One of the things I love about the essay form is the chance to introduce a few examples of fax’n’info, as it was called in my boyhood. Ideally the item of fax’n’info should be illustrative but also open up another field of interest, thereby enriching the texture. (A good rule for prose is: the shorter the piece, the more it should seem to have in it.) Note, in the piece above, the cunningly timed appearance of Picasso. Perhaps I should have equipped him with white shorts, a horizontally striped matelot shirt, and three lightly clad odalisques dancing in the background, but what I wanted to emphasize was his deep and lasting interest in money. He not only died rich, he set about getting rich quite early in his life, and even when leading the apparently carefree existence of a young bohemian he was a diligent student of his prices and the state of the art market. It never hurts for the idealistic young — I fancied that there might be a few of these among my listeners — to hear that their pleasant dreams of justice can’t be fully separated from the cash nexus. Or rather it can hurt, but the pain is salutary. Unless he makes a subject of his own early death, a genius needs money to keep going.

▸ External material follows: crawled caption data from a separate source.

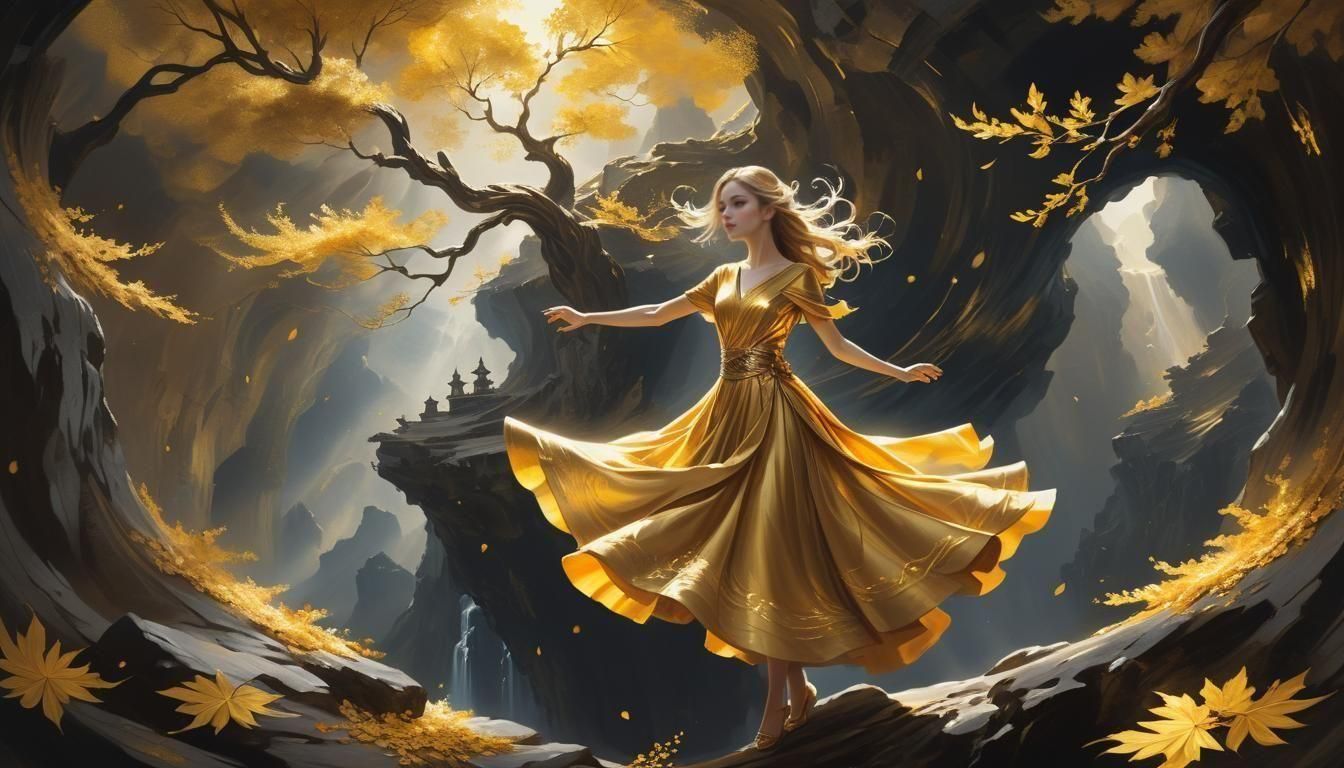 Girl in Golden Dress at Ancient Tree, Oil Painting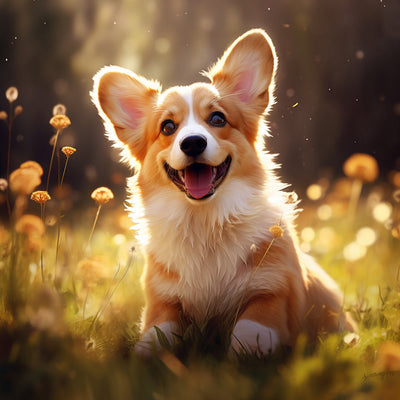 Lächelnder Hund auf dem Gras Diamond Painting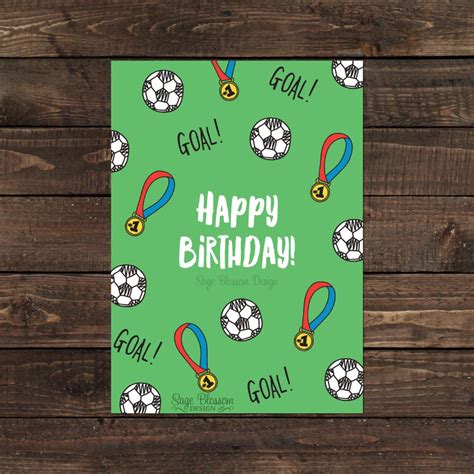 Printable Soccer Birthday Cards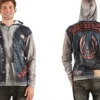 FAUX REAL SUBLIMATION BIKER GANG HALLOWEEN SCARY COSTUME OUTFIT ZIP SWEAT SHIRT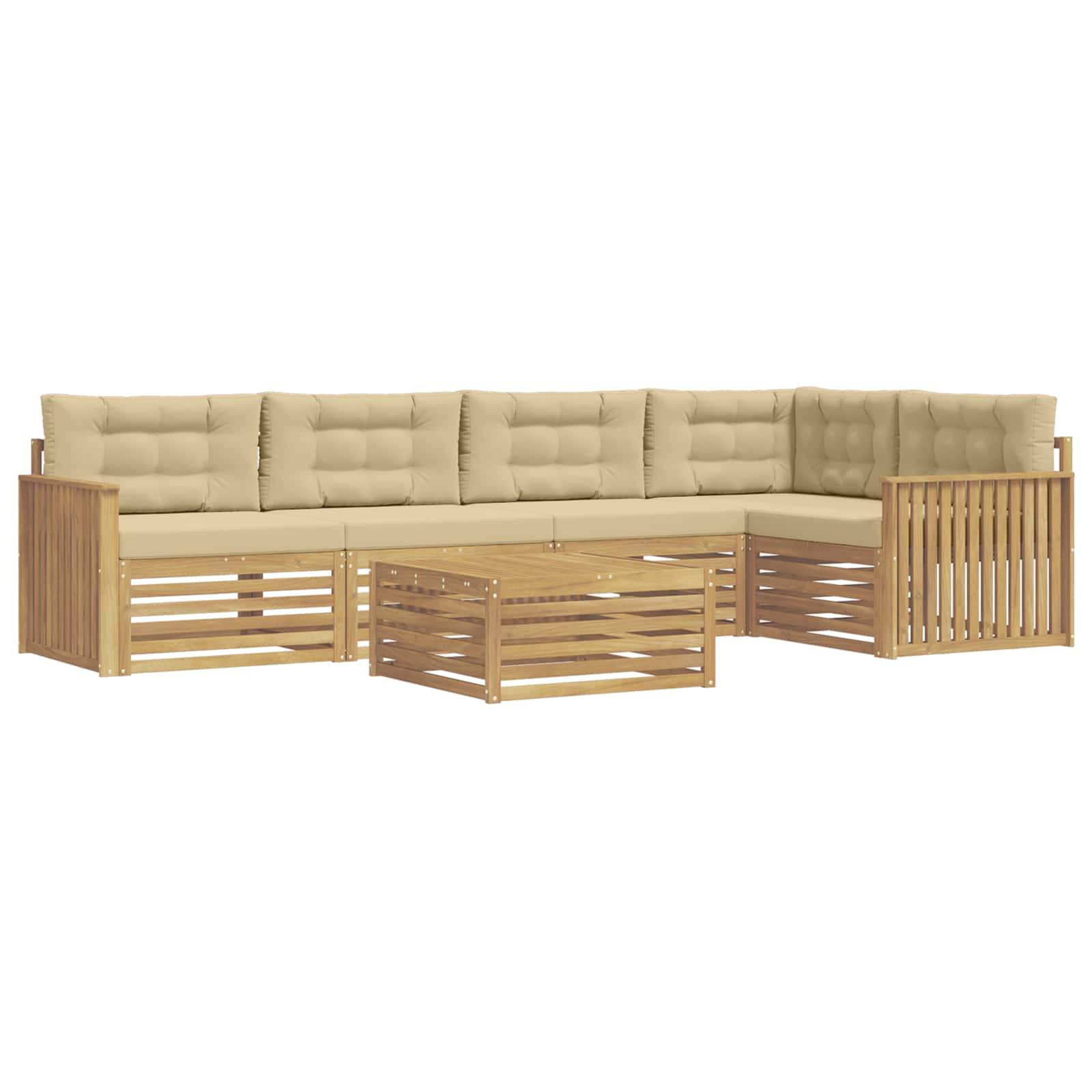 vidaXL Outdoor-Sofagarnitur 6 pcs Weiß und Beige 79 x 79 x 37 cm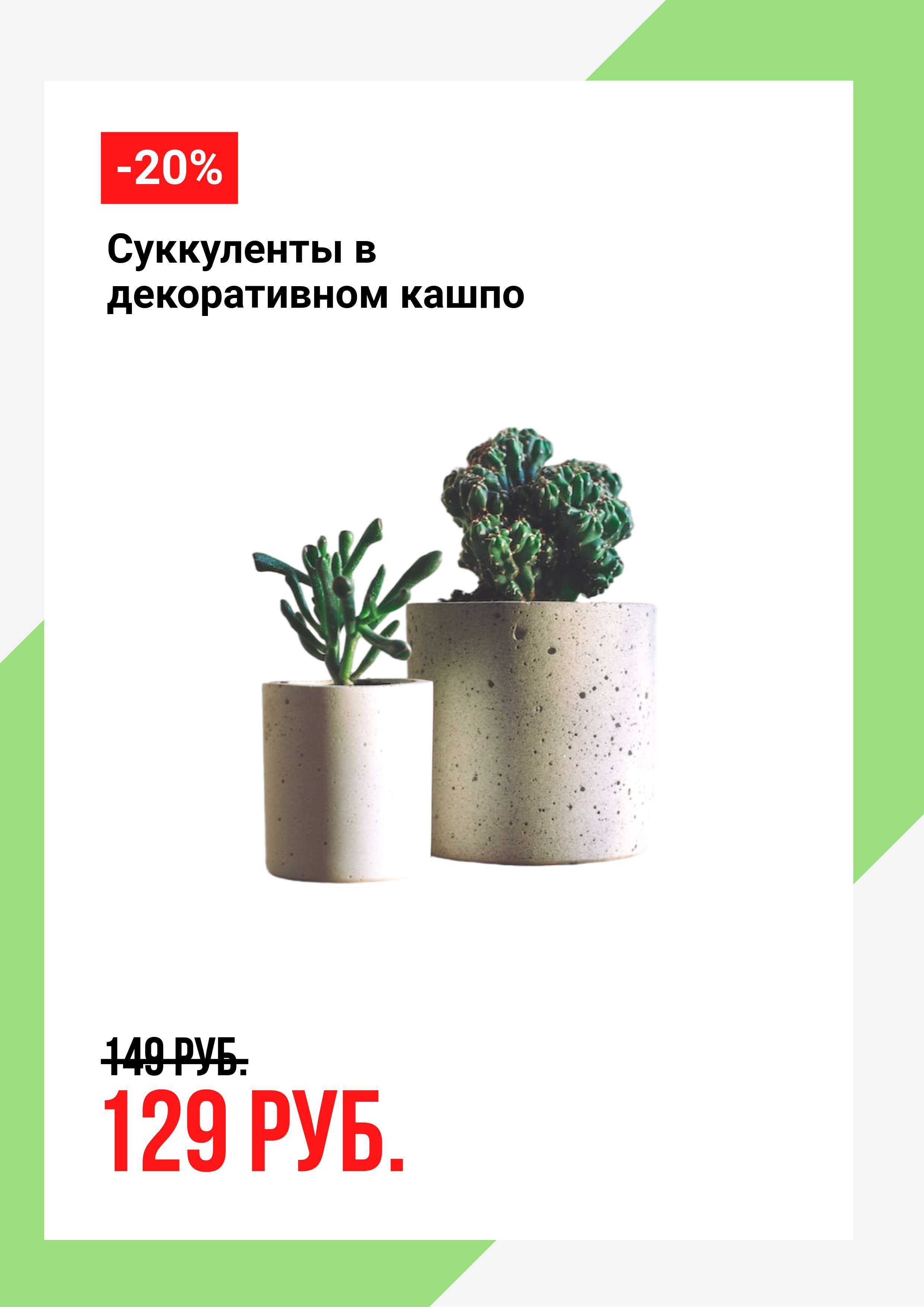 Рекламный постер A3 в светлых цветах на тему домашних растений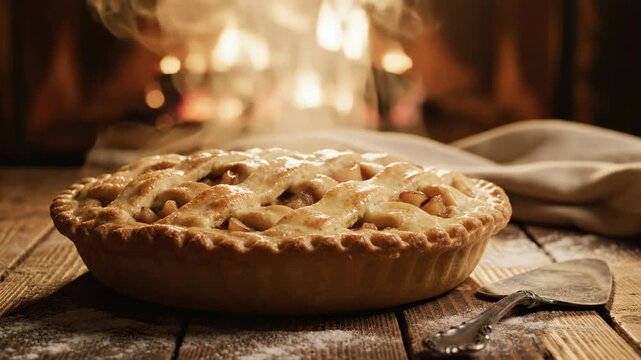 Warm Apple Pie Freshly Baked by the Fireplace.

The whole of civilization needs it, which means that one of the first things a civilization needs to produce is prosperity. Even an unusually canny mastermind like Picasso, however, can embody this principle in his own behaviour and yet still be clueless as to its truth.

I didn’t have room to tell those same young idealists that Picasso had been one of their number. Although he was the kind of communist who disguised his limousine as a taxi in order not to arouse class resentment, a communist he was. The fact that his personal tastes were in utter and irreconcilable conflict with his professed beliefs never bothered him. Some men, even great men, need time to grow up, and there are cases when the very greatest never grow up at all. On the whole we forgive them if they are painters; forgive them less if they are musicians; and forgive them least if they are writers. That final reluctance to forgive is because the writers put the lie into words, where the young might believe it, as if the text were transmitting a particular truth instead of expressing a general view of life. In music or a painting there is nothing to believe, only something to hear or see.